Remove Foreign Keys #1082

kderme · 2022-03-14T17:08:57Z

Relations in db-sync can be visualised as a graph (actually DAG) of references. For example a Block references its previous Block, a Tx its Block, a certificate its Tx and its StakeAddress, a TxIn its TxOut etc. The current implementation uses foreign keys for these relations. Foreign keys come with some pros and cons

Pros

They make rollbacks possible and quite easy. db-sync simply deletes a single block and the deletion cascades to all related entries.
They enforce data integreity. With current setup dangling foreign keys are impossible.
They can make some queries faster, since they give additional information to the query planer about the relations between tables and so it can optimize queries better.
Removing them can be tricky since we use persistent

Cons

Foreign keys impose additional checks, which make insertions slower.
These checks and the on delete triggers, require indexes to the referenced and referencing tables to be efficient. Updating these indexes makes insertions even slower.
Rollbacks can be even faster without using foreign keys. One way to do it is adding a 'blockNo' field to all tables related to a specific block.
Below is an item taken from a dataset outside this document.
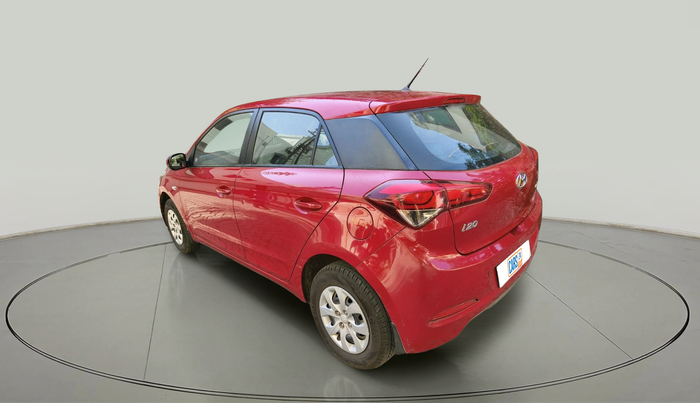 2015 Hyundai Elite i20 MAGNA 1.2, Petrol, Manual, 46,405 km, exterior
For all these tables we ill use a query delete from tableX where blockNo > ....

Overall foreign keys make insertions slower. They allow very simple rollbacks, but rollbacks can become even faster. Finally the data integrity is not so vital. db-sync get its data from blocks that have gone through ledger validation, so doing additional checks is not needed.
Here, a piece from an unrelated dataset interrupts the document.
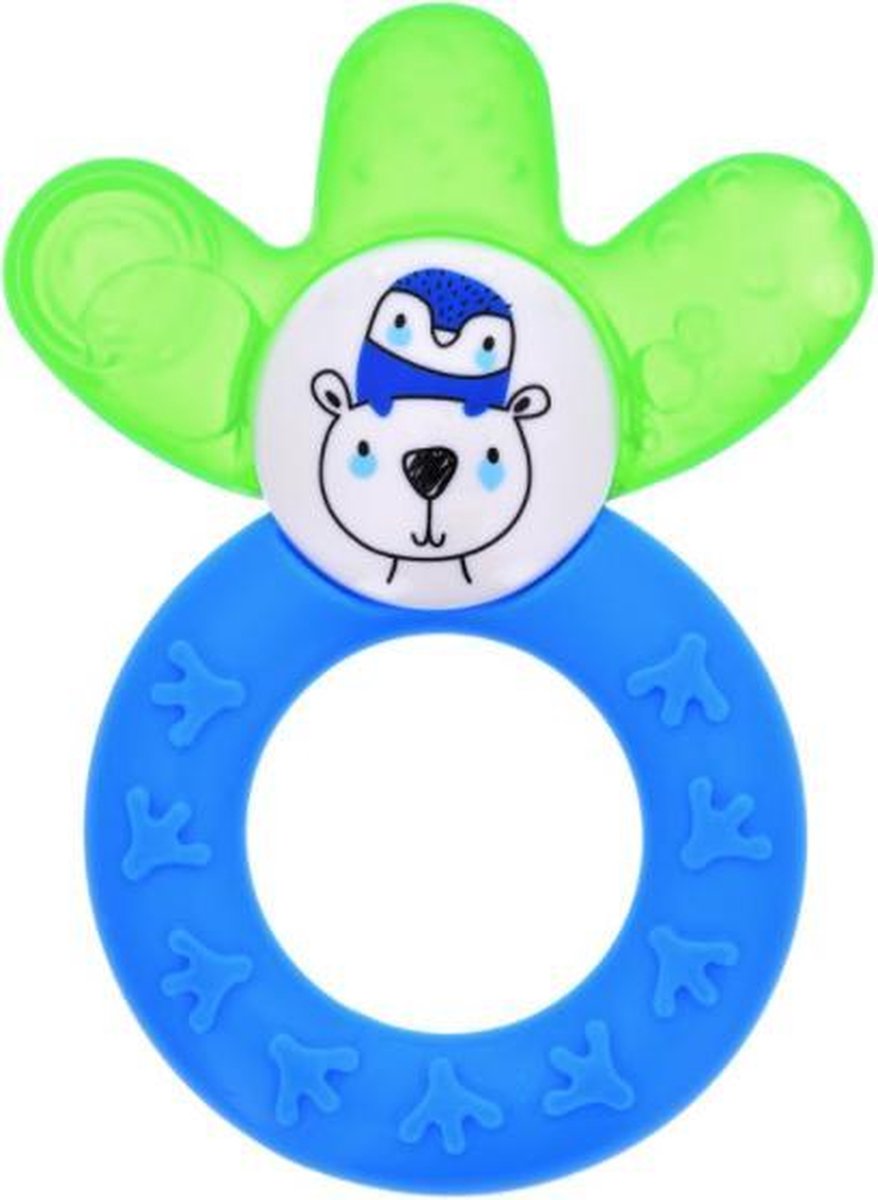Bijtring voor baby's I MAM BABY Cooler 4+ maanden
The text was updated successfully, but these errors were encountered:

erikd · 2022-03-16T00:09:26Z

Finally the data integrity is not so vital

I do not fully agree, especially since this is one of the few methods we have for ensuring data integrity.

db-sync get its data from blocks that have gone through ledger validation

Yes, ledger has its own data integrity checks, but IMO, since db-sync takes the ledger data and transforms its, the ledger integrity checks do not cover the integrity of the transformations.

One way to do it is adding a 'blockNo' field to all tables

Rollbacks using foreign keys are guaranteed to be correct. Yes, theoretically, that can be replaced with delete from tableX where blockNo > .... for all tables, but if even a single table is skipped, will result in significant problems. Maybe that can be avoided by making sure all blockNo columns have a Unique constraint.

erikd · 2022-03-16T05:58:19Z

Under this scheme rollbacks used to be done as:

delete cascade from block where blockNo >= ... ;

where the foreign keys would cause a cascade through all the tables.

Without foreign keys we would need a delete for every table:

delete from block where blockNo >= x ;
delete from tx where blockNo >= x ;
delete from tx_in where blockNo >= x ;
delete from tx_out where blockNo >= x ;
.....

with a separate delete statement for every table. Hopefully this would be at least as fast.

kderme · 2022-03-16T18:31:58Z

I do not fully agree, especially since this is one of the few methods we have for ensuring data integrity.

On insertions we ensure data integrity by doing a query on referenced fields before inserting, so the additional check done by postgres is basically useless. If it fails the whole thing crashes anyway. On deletions, indeed we will have to be very careful about not missing a table. And there are no updates.

erikd · 2022-03-21T04:28:36Z

And there are no updates.

The only table which is updated is the Epoch table. Everything else is write once and only once.

erikd · 2022-03-21T05:36:08Z

I am growing more and more skeptical about this. Replacing BlockId (a foreign key) with BlockNo makes sense. These two types are both stored in Postgres as SQL bigint (8 bytes).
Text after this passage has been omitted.